16


    Analysis of Internet Service Log Data to Assess the Level
          of Cyber-threats in the Corporate Network*

              Sergey Isaev[0000-0002-6678-0084], Dmitry Kononov[0000-0002-8757-5274]
                          and Andrey Malyshev[0000-0001-5669-1574]

                   Institute of Computational Modelling of the Siberian Branch
    of the Russian Academy of Sciences, 50/44 Akademgorodok, Krasnoyarsk, 660036, Russia
                                     ddk@icm.krasn.ru


         Abstract. The article describes log analysis of Internet services of the
         Krasnoyarsk Science Center (Russia). The importance of log analysis as a
         method to improve the effectiveness of network security is shown. Data sources
         are described. The study examines the following systems: Netflow IP traffic,
         intrusion prevention system, corporate mail server, web server. The log data
         was used to distinguish the frequency of events and to identify malicious
         behavior. The article describes security threats identified during the analysis of
         logs. The analysis results allow optimizing protection systems against network
         attacks. Measures taken to improve network security are presented.

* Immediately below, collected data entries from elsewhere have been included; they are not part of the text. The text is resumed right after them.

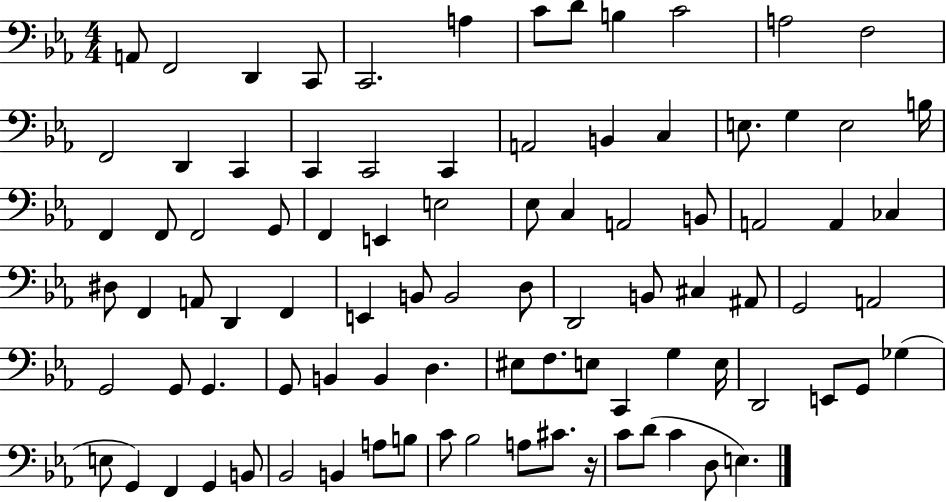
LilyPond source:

{
  \clef bass
  \numericTimeSignature
  \time 4/4
  \key ees \major
  \repeat volta 2 { a,8 f,2 d,4 c,8 | c,2. a4 | c'8 d'8 b4 c'2 | a2 f2 | \break f,2 d,4 c,4 | c,4 c,2 c,4 | a,2 b,4 c4 | e8. g4 e2 b16 | \break f,4 f,8 f,2 g,8 | f,4 e,4 e2 | ees8 c4 a,2 b,8 | a,2 a,4 ces4 | \break dis8 f,4 a,8 d,4 f,4 | e,4 b,8 b,2 d8 | d,2 b,8 cis4 ais,8 | g,2 a,2 | \break g,2 g,8 g,4. | g,8 b,4 b,4 d4. | eis8 f8. e8 c,4 g4 e16 | d,2 e,8 g,8 ges4( | \break e8 g,4) f,4 g,4 b,8 | bes,2 b,4 a8 b8 | c'8 bes2 a8 cis'8. r16 | c'8 d'8( c'4 d8 e4.) | \break } \bar "|."
}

         Keywords: Cyber-Threats, Security, Data Analysis, Log, Internet.


1        Introduction

Development of modern information technologies leads to increasing digitalization
level and active use of various Internet services for scientific and business processes.
The corporate network and services it provides become daily working tools, without
which the full functioning of the organization is impossible. In this regard, the tasks
of assessing the risks of cybersecurity and the level of cyber-threats for providing
adequate protection are becoming more and more relevant. An important aspect of
cybersecurity is the study of security logs [1]. Modern researchers use dynamic
methods of analysis since traditional approaches with static metrics may skip
intellectual low-frequency attacks [2]. An important parameter of a secure system is
the response time to information security incidents. Minimization of this parameter to
the extent of full attack prevention is described in [3]. Methods and algorithms of mail
spam resistance are actively developing [4]. To provide information security various
software is used: security scanners [5], complex security analysis systems [6], etc.
Thus, revealing new cyber-threat signs and analysis methods is an urgent problem.


*   Copyright c 2020 for this paper by its authors. Use permitted under Creative Commons
    License Attribution 4.0 International (CC BY 4.0).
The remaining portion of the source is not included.